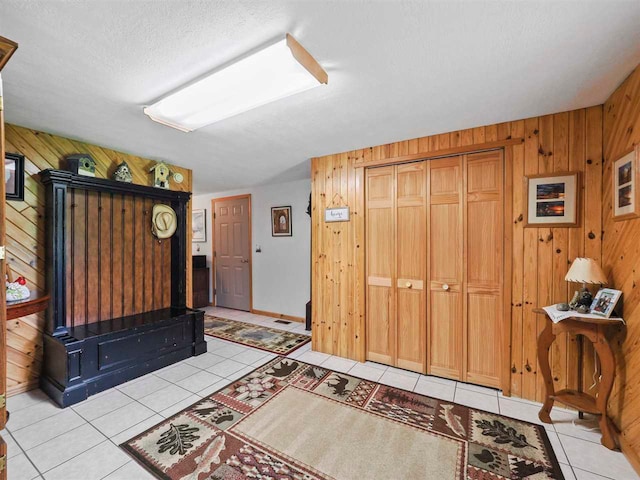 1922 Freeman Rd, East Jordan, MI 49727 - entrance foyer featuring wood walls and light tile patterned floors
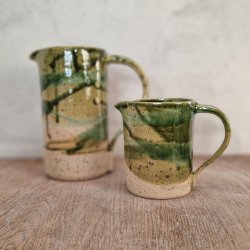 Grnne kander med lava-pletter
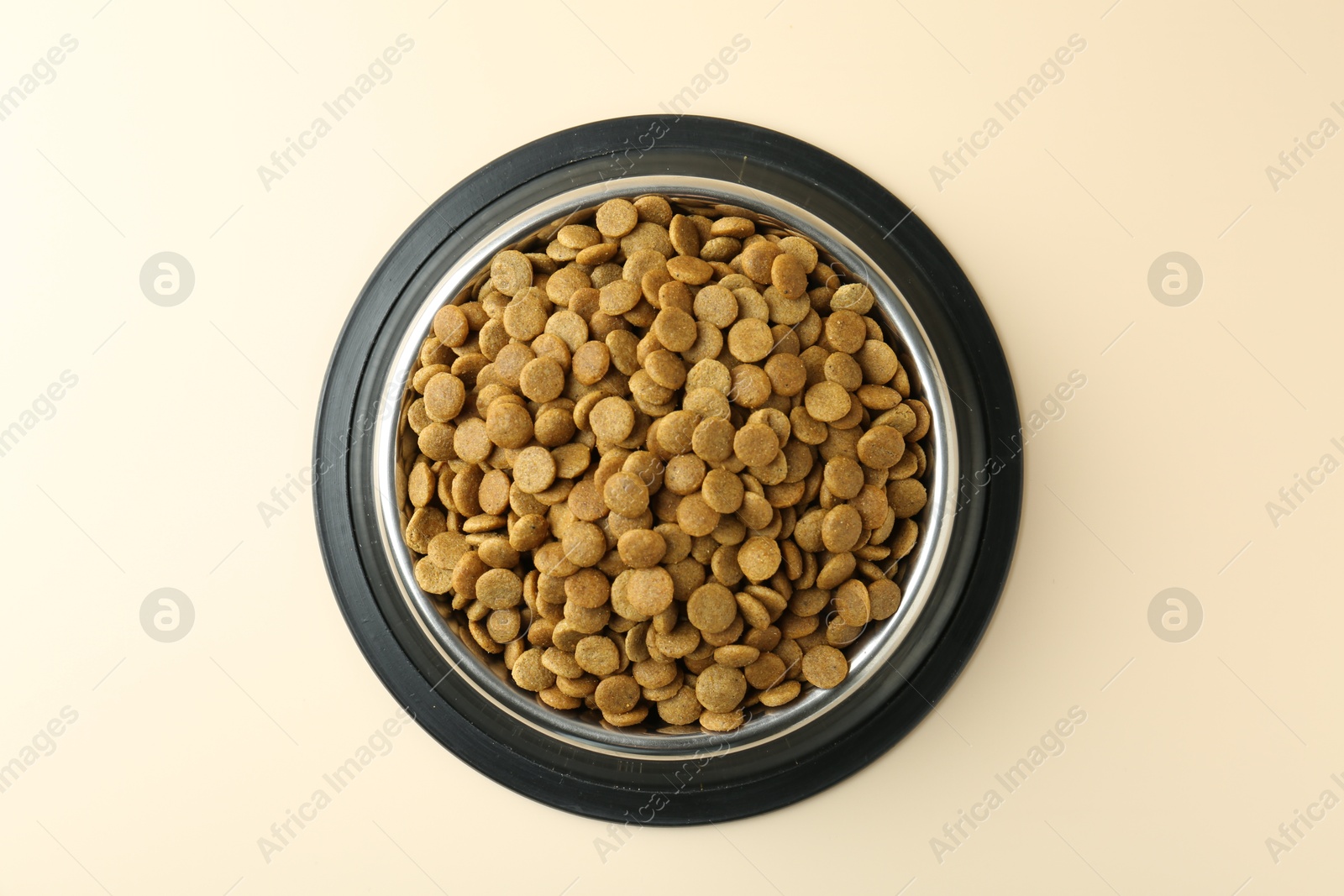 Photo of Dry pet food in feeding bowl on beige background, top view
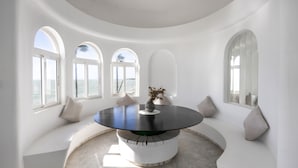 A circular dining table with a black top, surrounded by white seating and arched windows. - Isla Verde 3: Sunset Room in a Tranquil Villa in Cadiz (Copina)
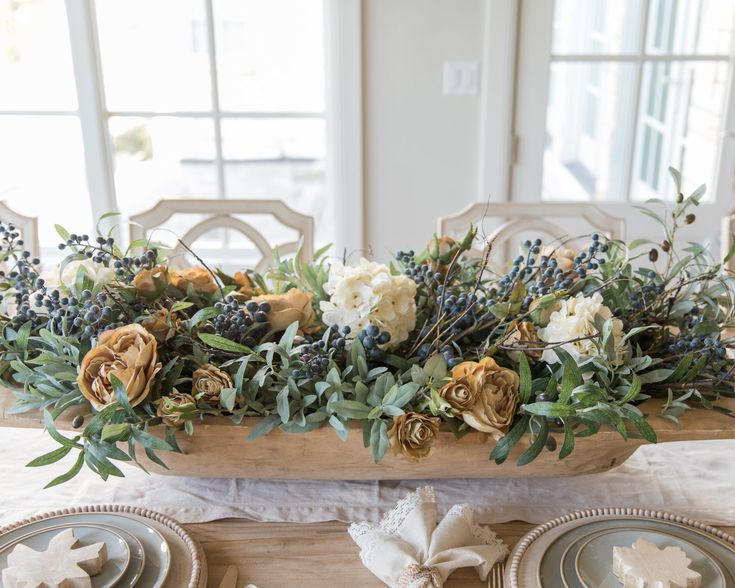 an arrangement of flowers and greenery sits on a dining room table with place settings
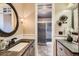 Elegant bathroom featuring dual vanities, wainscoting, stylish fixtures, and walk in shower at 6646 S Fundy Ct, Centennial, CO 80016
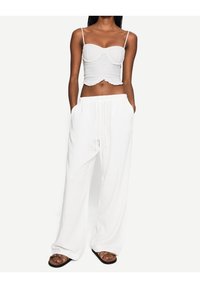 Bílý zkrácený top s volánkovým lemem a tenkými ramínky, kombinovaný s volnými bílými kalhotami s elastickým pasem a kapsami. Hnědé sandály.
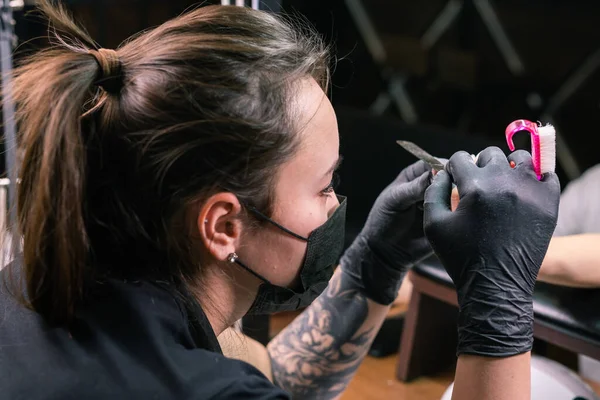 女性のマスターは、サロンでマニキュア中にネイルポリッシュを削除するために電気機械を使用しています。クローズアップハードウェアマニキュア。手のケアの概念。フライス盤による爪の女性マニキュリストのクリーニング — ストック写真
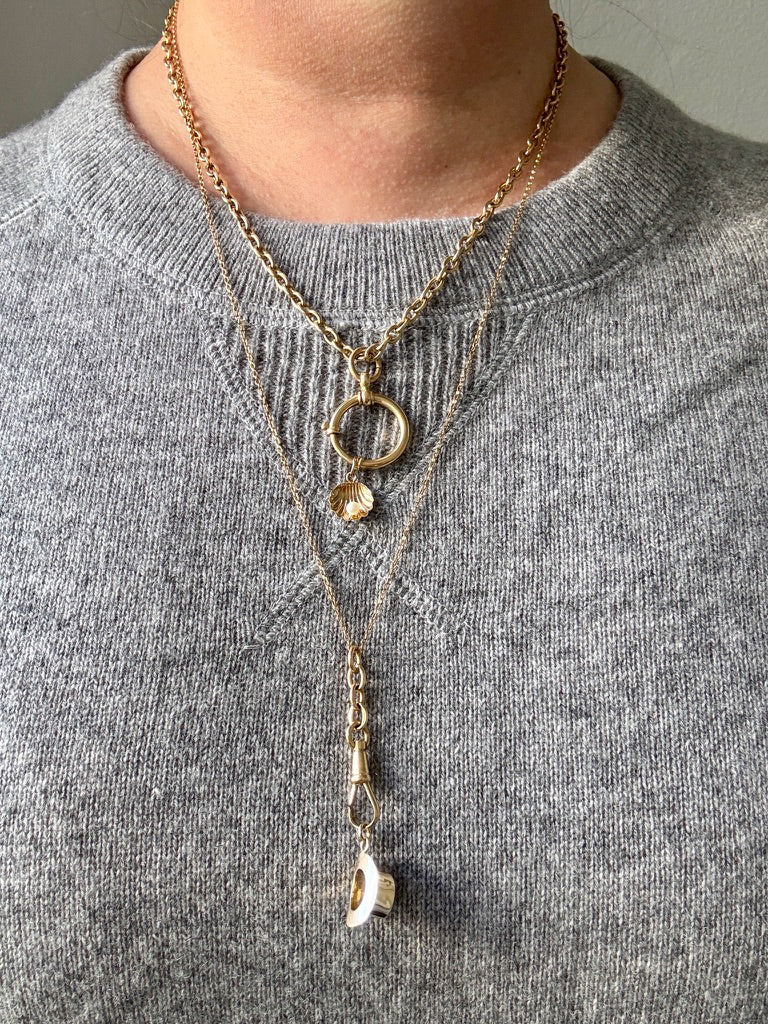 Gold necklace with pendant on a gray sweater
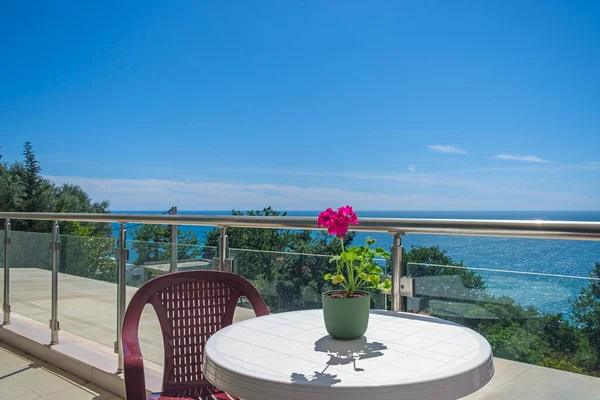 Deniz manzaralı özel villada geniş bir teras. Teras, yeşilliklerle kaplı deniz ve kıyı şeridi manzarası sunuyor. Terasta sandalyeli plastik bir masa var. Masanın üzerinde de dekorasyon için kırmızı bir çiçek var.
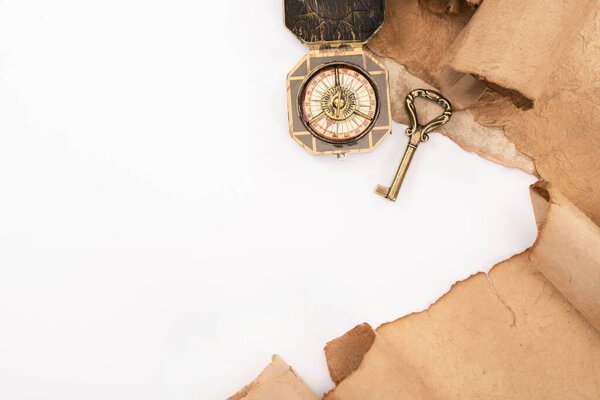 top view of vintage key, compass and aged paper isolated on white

◇ ◇ ◇

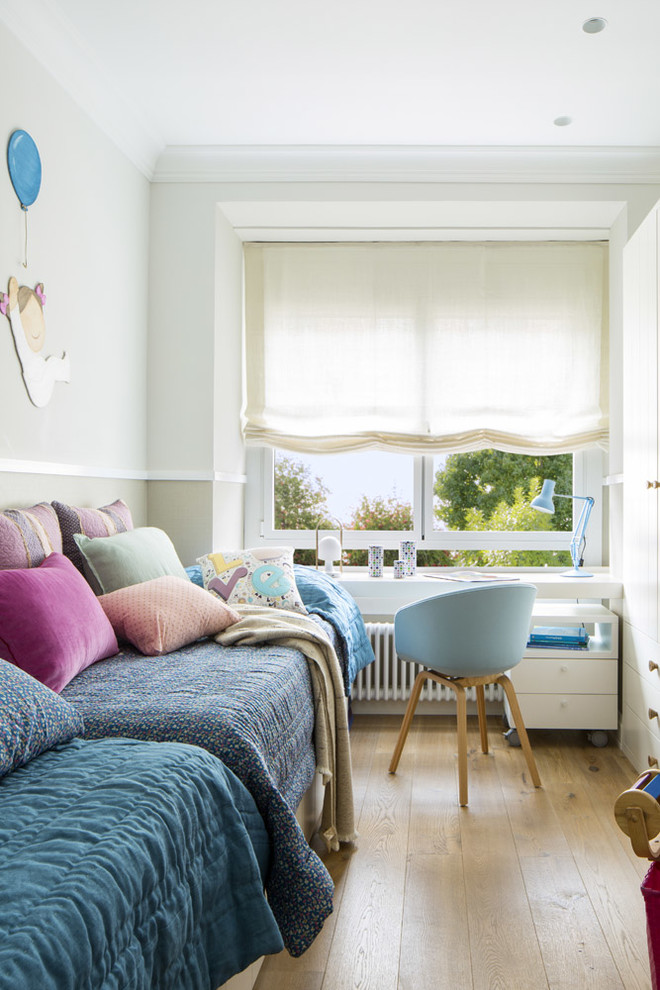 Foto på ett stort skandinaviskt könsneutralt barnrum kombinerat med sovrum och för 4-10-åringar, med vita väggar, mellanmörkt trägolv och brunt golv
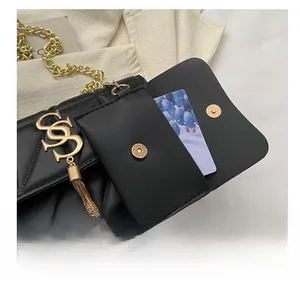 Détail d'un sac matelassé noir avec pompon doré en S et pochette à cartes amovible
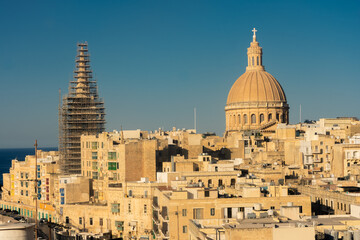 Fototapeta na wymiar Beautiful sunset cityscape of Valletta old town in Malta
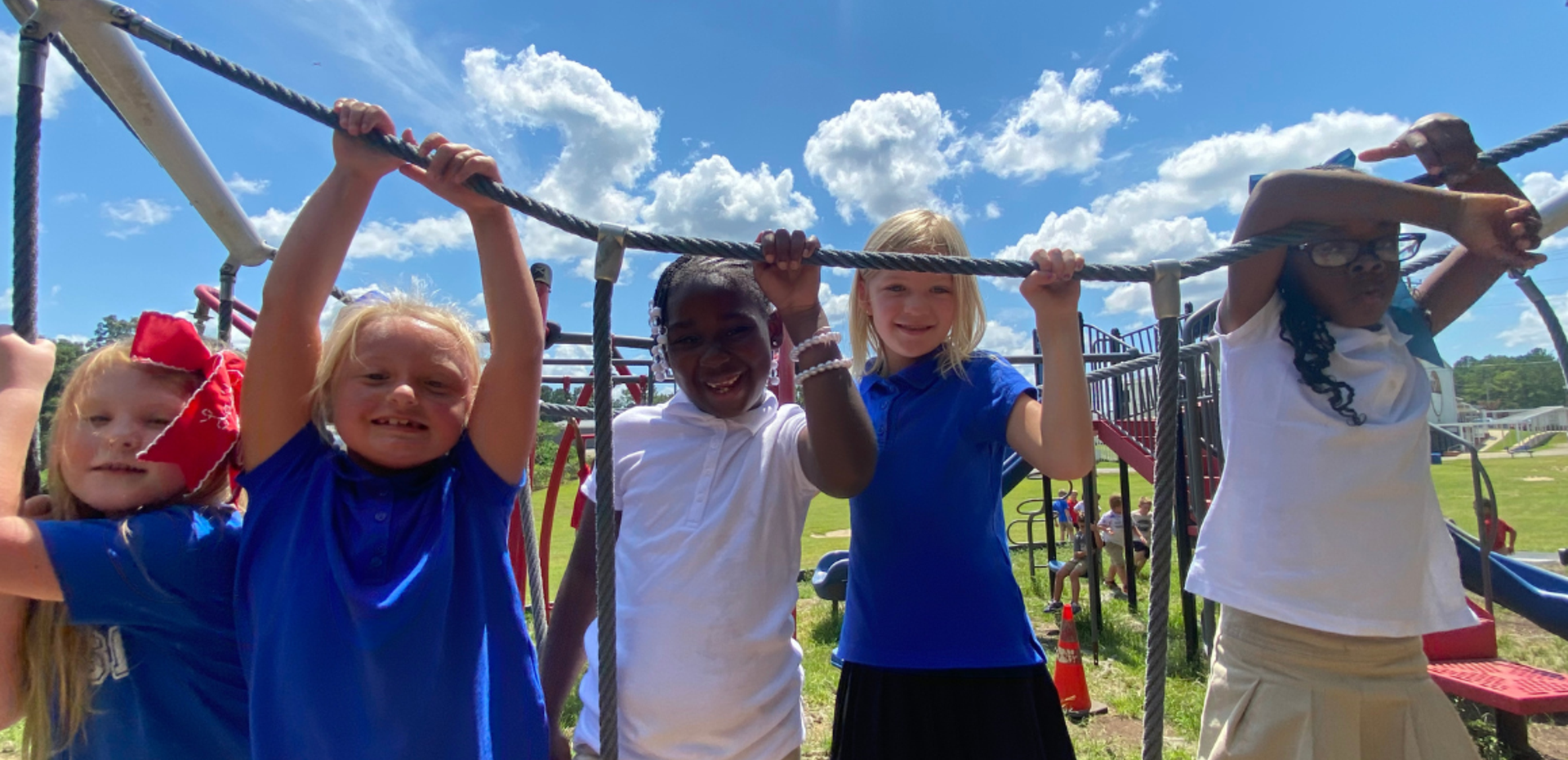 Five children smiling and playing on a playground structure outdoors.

◇ ◇ ◇

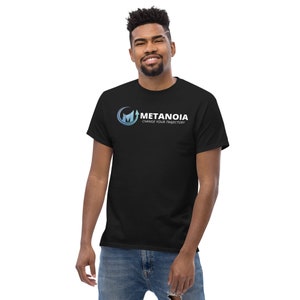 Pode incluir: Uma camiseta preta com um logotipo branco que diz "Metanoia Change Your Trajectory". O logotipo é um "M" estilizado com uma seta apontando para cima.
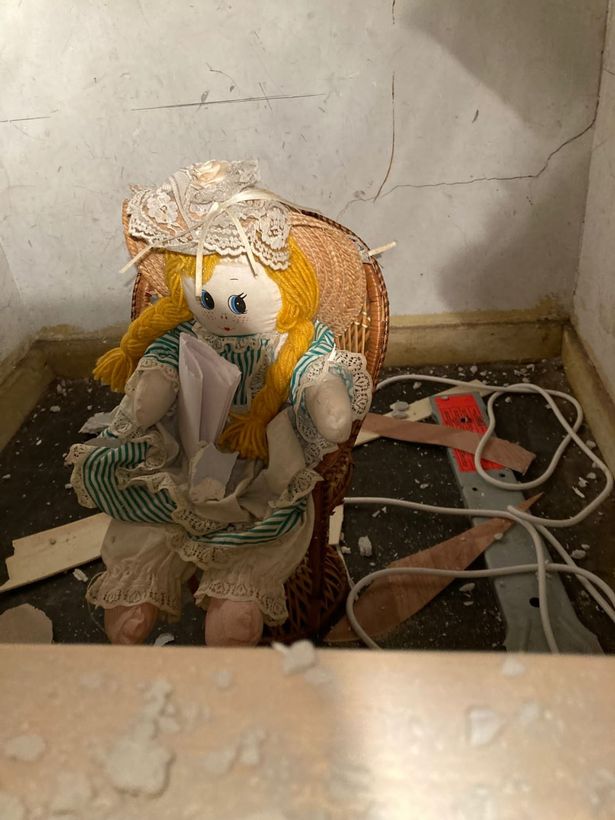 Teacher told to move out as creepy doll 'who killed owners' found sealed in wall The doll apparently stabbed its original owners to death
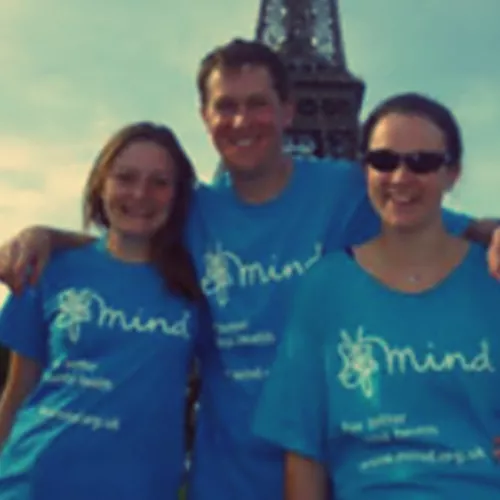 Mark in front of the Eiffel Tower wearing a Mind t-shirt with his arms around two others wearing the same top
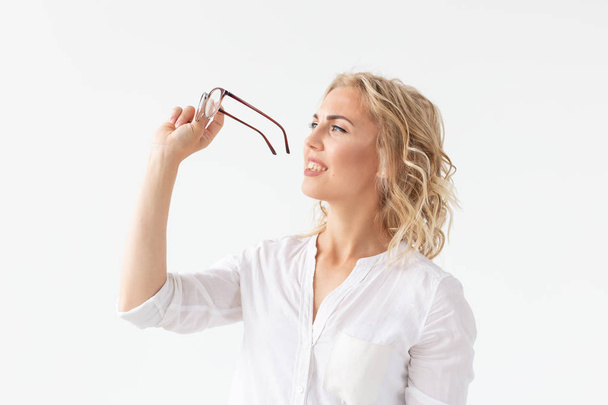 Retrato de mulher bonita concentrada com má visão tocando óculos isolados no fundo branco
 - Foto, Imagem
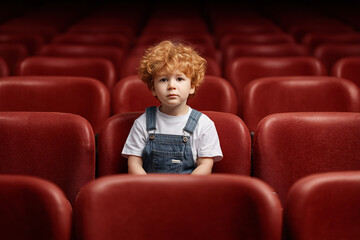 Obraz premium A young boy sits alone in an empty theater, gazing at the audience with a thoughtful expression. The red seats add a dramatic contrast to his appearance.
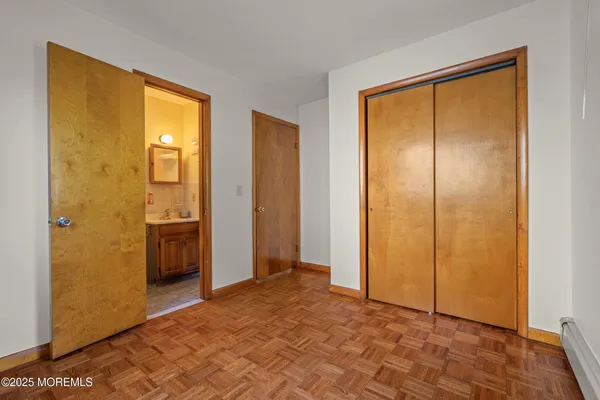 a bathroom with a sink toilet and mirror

◇ ◇ ◇

■ Exercise: Using the data above, print only the lines starting at the one with "Deniz manzaralı özel" and ending at the one with "top view of", exactly as they stand, minus the pictures.

■ Result of the task:
 Deniz manzaralı özel villada geniş bir teras. Teras, yeşilliklerle kaplı deniz ve kıyı şeridi manzarası sunuyor. Terasta sandalyeli plastik bir masa var. Masanın üzerinde de dekorasyon için kırmızı bir çiçek var.
 top view of vintage key, compass and aged paper isolated on white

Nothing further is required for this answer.